Another mode is the RAT fallback, where the assumption is that the core network supports voice connection, but the current RAT, presumably NR, does not. As a consequence, a voice connection is transferred from NR to E-UTRA, representing a RAT change only. Voice over NR (VoNR) indicates a scenario where the NR network supports voice services and the 5GC offers a connection to IMS. The primary deployment focus of VoNR is standalone operation (SA) where 5GC connects to IMS supporting voice services. However, VoNR also works in non-standalone (NSA) operation modes like E-UTRA and NR dual connectivity (EN-DC).

Figure 2: Deployment scenarios supporting voice in 5G

5G supports multimedia telephone services for IMS (MTSI), representing the application layer see Figure 3. The media flow consists of audio, video and text (i.e., general data like images, text, websites, etc.), leveraging modern collaboration and communications tools. To preserve QoS, the real-time streaming and control protocols coordinate the media transport and tackle impairments like delayed, disordered or misguided packets. The transport and network layers are realised by the well-known TCP, UDP and IP (IPv4 and IPv6) protocols.
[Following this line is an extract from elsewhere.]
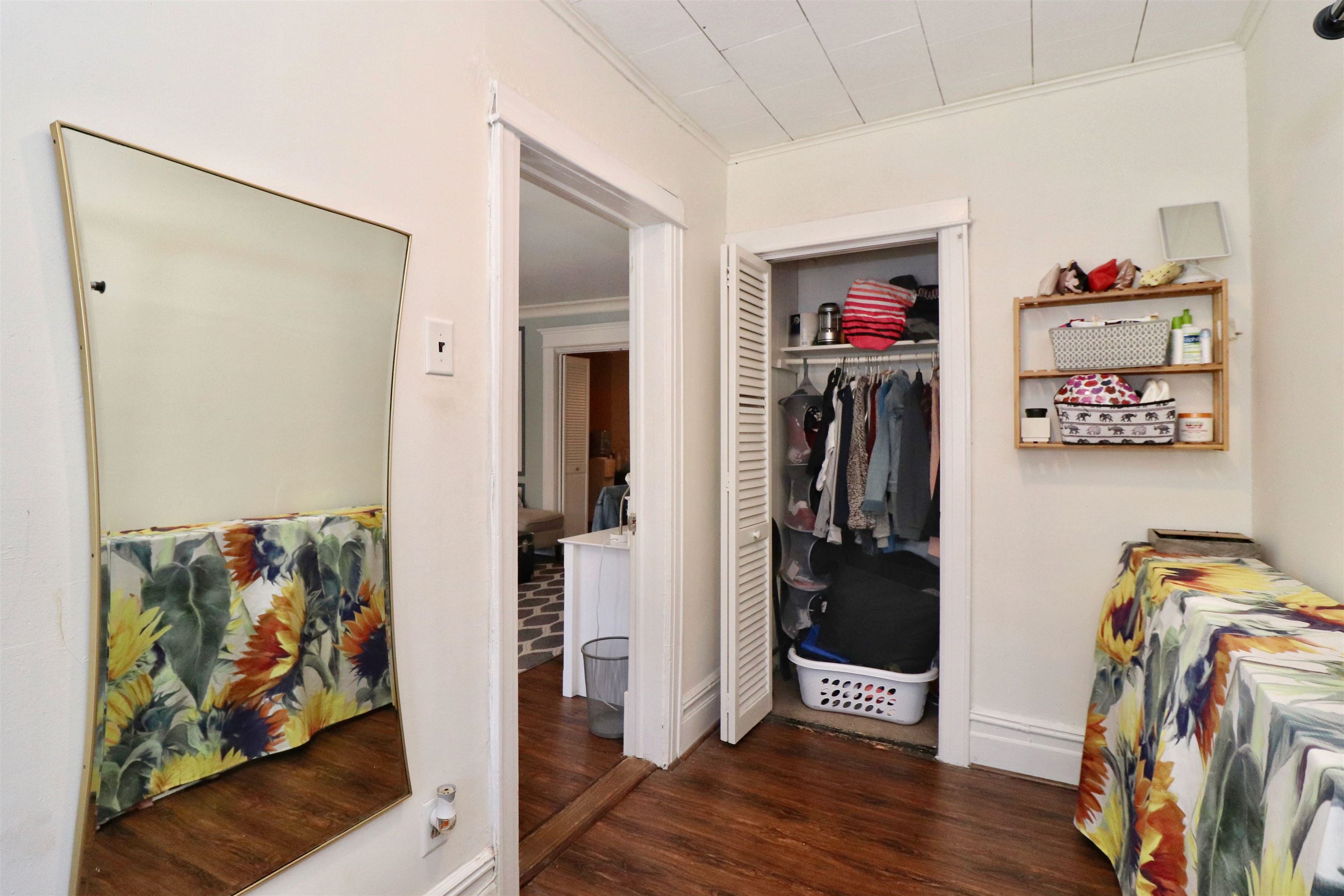 704 Washington Street, Unit 2 Hoboken, NJ 07030 - Photo 19 of 23 a view of a hallway with wooden floor and closet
The RAT functions are provided by either E-UTRA or 5G NR. The session initiation protocol (SIP) and the session description protocol (SDP) undertake the control plane of the voice connection.

Figure 3: Protocol layer for MTSI

Supporting voice services

The incorporation of IMS services in 5G, including network interfaces, protocol layers and signalling scenarios, is the absolute prerequisite for voice services offered in 5G. To leverage QoS aspects, a so-called QoS flow is established between the UE and the network, accompanied by parameters such as latency, priority, packet error rate and guaranteed bit rate. To reduce signalling overhead, 5G assigns a 5G QoS flow identity (5QI) to each QoS flow. All protocol layers and network functions are aware of this 5QI. There is a recommendation to apply the following 5QI profiles: 5QI = 1 for conversational voice, 5QI = 2 for conversational video requiring certain QoS values, 5QI = 5 for IMS signalling and, optionally, 5QI = 6-9 for concurrent media flows with lower QoS requirements.
As voice is considered an application in 5G, there are no mandatory configurations of protocol layers. However, they can be seen more as recommendations, since the voice service focuses more on latency than reliability, and aspects such as efficient usage of the radio resources and energy consumption play a pivotal role in a voice connection. Semi-persistent scheduling mechanisms allow a quasi-constant scheduling of guaranteed bit-rate radio resources with low signalling overheads. Additionally, the slot aggregation mechanism lets the automatic repetition of a speech packet, with focus on reducing latency. Energy reduction is tackled by discontinuous reception and transmission (DRX and DTX). The focus on latency before reliability is clear: it is recommended to set the RLC layer into unacknowledged mode and to skip the integrity check at the PDCP layer for security reasons, with only ciphering enabled.
The industry’s body 3rd Generation Partnership Project (3GPP) had already developed the enhanced voice services (EVS) speech codec, now mandatory with 5G voice. EVS uses the higher data rates offered by 5GS for enhanced encoded audio signals. Technically, EVS increases the audio bandwidth and covers the audible frequency range from 20Hz to 20kHz, corresponding to the typical range of the human ear. To convert the audio signal into digital, the EVS applies methods like amplitude quantisation and discrete sampling, except with finer quantisation levels and higher sample rates. One important aspect of the EVS is its interoperability codec mode that adjusts the EVS speech codec to legacy voice codec rates, enabling a smooth move to VoNR.
On the infrastructure side, having voice services requires some adaptation, and the flexible architecture provides new optional interfaces and functions. Firstly, the operator needs to decide which core network is incorporated and whether it should support voice services or not, which leads to the decision of offering either EPS fallback or VoNR.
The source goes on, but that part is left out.